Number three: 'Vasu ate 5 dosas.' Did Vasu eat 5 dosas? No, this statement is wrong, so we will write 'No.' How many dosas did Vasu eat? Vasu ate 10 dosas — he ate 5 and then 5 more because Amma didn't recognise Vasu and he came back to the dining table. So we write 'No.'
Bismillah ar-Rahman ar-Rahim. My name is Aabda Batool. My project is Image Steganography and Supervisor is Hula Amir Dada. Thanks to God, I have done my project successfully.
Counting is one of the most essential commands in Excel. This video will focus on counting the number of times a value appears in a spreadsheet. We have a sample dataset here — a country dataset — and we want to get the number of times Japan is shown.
+ + + + +
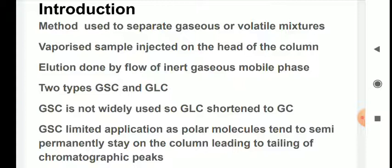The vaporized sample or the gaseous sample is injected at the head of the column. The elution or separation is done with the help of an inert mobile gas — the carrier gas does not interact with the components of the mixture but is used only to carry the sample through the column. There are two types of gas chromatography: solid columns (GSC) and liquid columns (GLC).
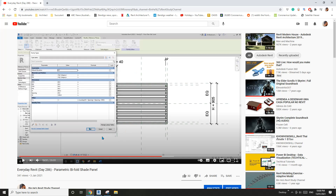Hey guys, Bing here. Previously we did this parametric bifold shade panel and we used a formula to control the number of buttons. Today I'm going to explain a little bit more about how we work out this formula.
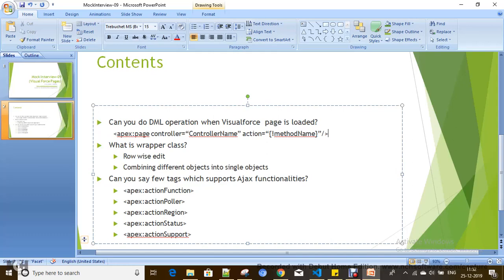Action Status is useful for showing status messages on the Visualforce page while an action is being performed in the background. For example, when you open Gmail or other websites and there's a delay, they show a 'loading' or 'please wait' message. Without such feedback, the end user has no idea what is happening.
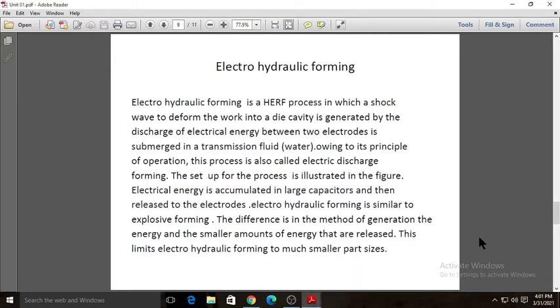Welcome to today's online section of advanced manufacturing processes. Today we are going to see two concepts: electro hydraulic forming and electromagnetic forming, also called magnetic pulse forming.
+ + + + +
--- Aim of the task ---
Of the entries above, repeat exactly the lines between the line with "Number three: 'Vasu" and the line with "Counting is one", inclusive, and no others.

--- Answer section ---
Number three: 'Vasu ate 5 dosas.' Did Vasu eat 5 dosas? No, this statement is wrong, so we will write 'No.' How many dosas did Vasu eat? Vasu ate 10 dosas — he ate 5 and then 5 more because Amma didn't recognise Vasu and he came back to the dining table. So we write 'No.'
Bismillah ar-Rahman ar-Rahim. My name is Aabda Batool. My project is Image Steganography and Supervisor is Hula Amir Dada. Thanks to God, I have done my project successfully.
Counting is one of the most essential commands in Excel. This video will focus on counting the number of times a value appears in a spreadsheet. We have a sample dataset here — a country dataset — and we want to get the number of times Japan is shown.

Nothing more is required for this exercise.